-- Work to be completed --
Every single entry needs to appear again exactly as given.

-- Extracted data entries --
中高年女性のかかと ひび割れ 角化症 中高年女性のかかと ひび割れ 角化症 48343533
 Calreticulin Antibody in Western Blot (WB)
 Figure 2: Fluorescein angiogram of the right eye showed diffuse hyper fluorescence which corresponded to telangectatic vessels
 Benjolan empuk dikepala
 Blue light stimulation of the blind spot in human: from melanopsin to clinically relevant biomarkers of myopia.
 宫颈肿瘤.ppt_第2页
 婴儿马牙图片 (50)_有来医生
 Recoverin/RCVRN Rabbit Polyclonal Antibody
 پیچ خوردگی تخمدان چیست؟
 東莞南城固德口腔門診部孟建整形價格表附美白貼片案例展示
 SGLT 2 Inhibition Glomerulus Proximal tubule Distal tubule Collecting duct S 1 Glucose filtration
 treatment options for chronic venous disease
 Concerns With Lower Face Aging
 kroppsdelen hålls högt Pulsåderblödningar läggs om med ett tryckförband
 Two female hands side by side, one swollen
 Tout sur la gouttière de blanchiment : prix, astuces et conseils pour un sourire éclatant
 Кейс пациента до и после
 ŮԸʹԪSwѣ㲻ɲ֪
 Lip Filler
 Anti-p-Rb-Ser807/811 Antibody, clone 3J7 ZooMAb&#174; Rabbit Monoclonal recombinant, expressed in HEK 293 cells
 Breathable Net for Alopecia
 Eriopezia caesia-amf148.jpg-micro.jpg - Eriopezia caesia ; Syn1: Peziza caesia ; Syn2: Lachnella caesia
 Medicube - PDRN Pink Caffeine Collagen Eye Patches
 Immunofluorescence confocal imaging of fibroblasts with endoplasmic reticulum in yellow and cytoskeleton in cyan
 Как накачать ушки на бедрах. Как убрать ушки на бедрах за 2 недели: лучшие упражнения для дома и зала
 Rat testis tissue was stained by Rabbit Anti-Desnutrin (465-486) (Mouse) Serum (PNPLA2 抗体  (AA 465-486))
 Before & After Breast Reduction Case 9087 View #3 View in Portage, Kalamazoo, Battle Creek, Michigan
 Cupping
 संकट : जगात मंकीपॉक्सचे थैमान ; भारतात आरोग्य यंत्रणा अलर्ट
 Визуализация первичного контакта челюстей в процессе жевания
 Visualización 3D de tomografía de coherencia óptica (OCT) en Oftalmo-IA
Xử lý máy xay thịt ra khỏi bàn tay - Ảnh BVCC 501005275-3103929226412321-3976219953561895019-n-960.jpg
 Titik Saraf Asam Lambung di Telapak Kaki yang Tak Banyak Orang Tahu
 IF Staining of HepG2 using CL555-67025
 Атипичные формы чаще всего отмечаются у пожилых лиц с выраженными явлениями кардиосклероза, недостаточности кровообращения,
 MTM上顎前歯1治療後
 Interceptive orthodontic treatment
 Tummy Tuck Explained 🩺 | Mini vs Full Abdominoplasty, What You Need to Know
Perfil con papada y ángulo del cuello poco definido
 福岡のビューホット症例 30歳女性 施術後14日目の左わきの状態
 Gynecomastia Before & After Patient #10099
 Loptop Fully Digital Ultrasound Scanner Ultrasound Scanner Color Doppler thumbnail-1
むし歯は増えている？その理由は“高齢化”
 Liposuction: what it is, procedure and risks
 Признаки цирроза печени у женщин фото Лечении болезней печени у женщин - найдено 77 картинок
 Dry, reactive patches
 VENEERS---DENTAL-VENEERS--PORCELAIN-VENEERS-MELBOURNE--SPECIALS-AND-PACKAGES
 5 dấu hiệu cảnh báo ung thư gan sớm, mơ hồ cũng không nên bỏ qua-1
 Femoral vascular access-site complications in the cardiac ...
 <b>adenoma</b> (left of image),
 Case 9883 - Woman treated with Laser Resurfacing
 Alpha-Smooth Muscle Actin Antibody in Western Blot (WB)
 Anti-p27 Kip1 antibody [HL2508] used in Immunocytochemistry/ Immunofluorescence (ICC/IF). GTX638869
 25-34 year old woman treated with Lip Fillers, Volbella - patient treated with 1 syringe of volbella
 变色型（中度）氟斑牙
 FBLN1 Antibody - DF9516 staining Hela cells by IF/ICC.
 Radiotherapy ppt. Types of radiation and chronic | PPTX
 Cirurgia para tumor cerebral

-- Worked solution --
中高年女性のかかと ひび割れ 角化症 中高年女性のかかと ひび割れ 角化症 48343533
 Calreticulin Antibody in Western Blot (WB)
 Figure 2: Fluorescein angiogram of the right eye showed diffuse hyper fluorescence which corresponded to telangectatic vessels
 Benjolan empuk dikepala
 Blue light stimulation of the blind spot in human: from melanopsin to clinically relevant biomarkers of myopia.
 宫颈肿瘤.ppt_第2页
 婴儿马牙图片 (50)_有来医生
 Recoverin/RCVRN Rabbit Polyclonal Antibody
 پیچ خوردگی تخمدان چیست؟
 東莞南城固德口腔門診部孟建整形價格表附美白貼片案例展示
 SGLT 2 Inhibition Glomerulus Proximal tubule Distal tubule Collecting duct S 1 Glucose filtration
 treatment options for chronic venous disease
 Concerns With Lower Face Aging
 kroppsdelen hålls högt Pulsåderblödningar läggs om med ett tryckförband
 Two female hands side by side, one swollen
 Tout sur la gouttière de blanchiment : prix, astuces et conseils pour un sourire éclatant
 Кейс пациента до и после
 ŮԸʹԪSwѣ㲻ɲ֪
 Lip Filler
 Anti-p-Rb-Ser807/811 Antibody, clone 3J7 ZooMAb&#174; Rabbit Monoclonal recombinant, expressed in HEK 293 cells
 Breathable Net for Alopecia
 Eriopezia caesia-amf148.jpg-micro.jpg - Eriopezia caesia ; Syn1: Peziza caesia ; Syn2: Lachnella caesia
 Medicube - PDRN Pink Caffeine Collagen Eye Patches
 Immunofluorescence confocal imaging of fibroblasts with endoplasmic reticulum in yellow and cytoskeleton in cyan
 Как накачать ушки на бедрах. Как убрать ушки на бедрах за 2 недели: лучшие упражнения для дома и зала
 Rat testis tissue was stained by Rabbit Anti-Desnutrin (465-486) (Mouse) Serum (PNPLA2 抗体  (AA 465-486))
 Before & After Breast Reduction Case 9087 View #3 View in Portage, Kalamazoo, Battle Creek, Michigan
 Cupping
 संकट : जगात मंकीपॉक्सचे थैमान ; भारतात आरोग्य यंत्रणा अलर्ट
 Визуализация первичного контакта челюстей в процессе жевания
 Visualización 3D de tomografía de coherencia óptica (OCT) en Oftalmo-IA
Xử lý máy xay thịt ra khỏi bàn tay - Ảnh BVCC 501005275-3103929226412321-3976219953561895019-n-960.jpg
 Titik Saraf Asam Lambung di Telapak Kaki yang Tak Banyak Orang Tahu
 IF Staining of HepG2 using CL555-67025
 Атипичные формы чаще всего отмечаются у пожилых лиц с выраженными явлениями кардиосклероза, недостаточности кровообращения,
 MTM上顎前歯1治療後
 Interceptive orthodontic treatment
 Tummy Tuck Explained 🩺 | Mini vs Full Abdominoplasty, What You Need to Know
Perfil con papada y ángulo del cuello poco definido
 福岡のビューホット症例 30歳女性 施術後14日目の左わきの状態
 Gynecomastia Before & After Patient #10099
 Loptop Fully Digital Ultrasound Scanner Ultrasound Scanner Color Doppler thumbnail-1
むし歯は増えている？その理由は“高齢化”
 Liposuction: what it is, procedure and risks
 Признаки цирроза печени у женщин фото Лечении болезней печени у женщин - найдено 77 картинок
 Dry, reactive patches
 VENEERS---DENTAL-VENEERS--PORCELAIN-VENEERS-MELBOURNE--SPECIALS-AND-PACKAGES
 5 dấu hiệu cảnh báo ung thư gan sớm, mơ hồ cũng không nên bỏ qua-1
 Femoral vascular access-site complications in the cardiac ...
 <b>adenoma</b> (left of image),
 Case 9883 - Woman treated with Laser Resurfacing
 Alpha-Smooth Muscle Actin Antibody in Western Blot (WB)
 Anti-p27 Kip1 antibody [HL2508] used in Immunocytochemistry/ Immunofluorescence (ICC/IF). GTX638869
 25-34 year old woman treated with Lip Fillers, Volbella - patient treated with 1 syringe of volbella
 变色型（中度）氟斑牙
 FBLN1 Antibody - DF9516 staining Hela cells by IF/ICC.
 Radiotherapy ppt. Types of radiation and chronic | PPTX
 Cirurgia para tumor cerebral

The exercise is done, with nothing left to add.